***** Given information

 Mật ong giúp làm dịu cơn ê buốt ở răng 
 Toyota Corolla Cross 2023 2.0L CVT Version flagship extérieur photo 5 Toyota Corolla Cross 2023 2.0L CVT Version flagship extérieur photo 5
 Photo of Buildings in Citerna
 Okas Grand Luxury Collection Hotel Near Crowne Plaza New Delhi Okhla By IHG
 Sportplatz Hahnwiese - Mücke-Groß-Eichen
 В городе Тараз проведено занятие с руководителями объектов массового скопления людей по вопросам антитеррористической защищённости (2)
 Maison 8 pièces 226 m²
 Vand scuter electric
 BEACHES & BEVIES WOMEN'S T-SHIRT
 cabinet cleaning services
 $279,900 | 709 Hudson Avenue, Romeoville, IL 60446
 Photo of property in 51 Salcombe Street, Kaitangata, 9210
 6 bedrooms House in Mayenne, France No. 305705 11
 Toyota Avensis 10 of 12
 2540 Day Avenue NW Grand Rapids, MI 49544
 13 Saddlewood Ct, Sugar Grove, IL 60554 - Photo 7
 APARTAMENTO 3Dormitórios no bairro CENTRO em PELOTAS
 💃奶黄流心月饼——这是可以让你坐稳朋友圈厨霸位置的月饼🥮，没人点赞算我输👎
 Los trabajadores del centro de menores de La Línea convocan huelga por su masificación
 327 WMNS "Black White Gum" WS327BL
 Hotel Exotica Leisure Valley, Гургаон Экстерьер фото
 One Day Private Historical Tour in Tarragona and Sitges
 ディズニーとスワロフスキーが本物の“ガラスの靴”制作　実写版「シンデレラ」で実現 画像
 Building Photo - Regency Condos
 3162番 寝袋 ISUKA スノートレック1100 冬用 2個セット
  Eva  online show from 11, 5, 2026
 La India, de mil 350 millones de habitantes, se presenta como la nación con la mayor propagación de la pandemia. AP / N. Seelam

**********

> _What the task asks_
With the line that has "Maison 8 pièces 226 m²" as the first and the line that has "One Day Private" as the last, repeat exactly that run of lines above and no more.

> _Exercise result_
 Maison 8 pièces 226 m²
 Vand scuter electric
 BEACHES & BEVIES WOMEN'S T-SHIRT
 cabinet cleaning services
 $279,900 | 709 Hudson Avenue, Romeoville, IL 60446
 Photo of property in 51 Salcombe Street, Kaitangata, 9210
 6 bedrooms House in Mayenne, France No. 305705 11
 Toyota Avensis 10 of 12
 2540 Day Avenue NW Grand Rapids, MI 49544
 13 Saddlewood Ct, Sugar Grove, IL 60554 - Photo 7
 APARTAMENTO 3Dormitórios no bairro CENTRO em PELOTAS
 💃奶黄流心月饼——这是可以让你坐稳朋友圈厨霸位置的月饼🥮，没人点赞算我输👎
 Los trabajadores del centro de menores de La Línea convocan huelga por su masificación
 327 WMNS "Black White Gum" WS327BL
 Hotel Exotica Leisure Valley, Гургаон Экстерьер фото
 One Day Private Historical Tour in Tarragona and Sitges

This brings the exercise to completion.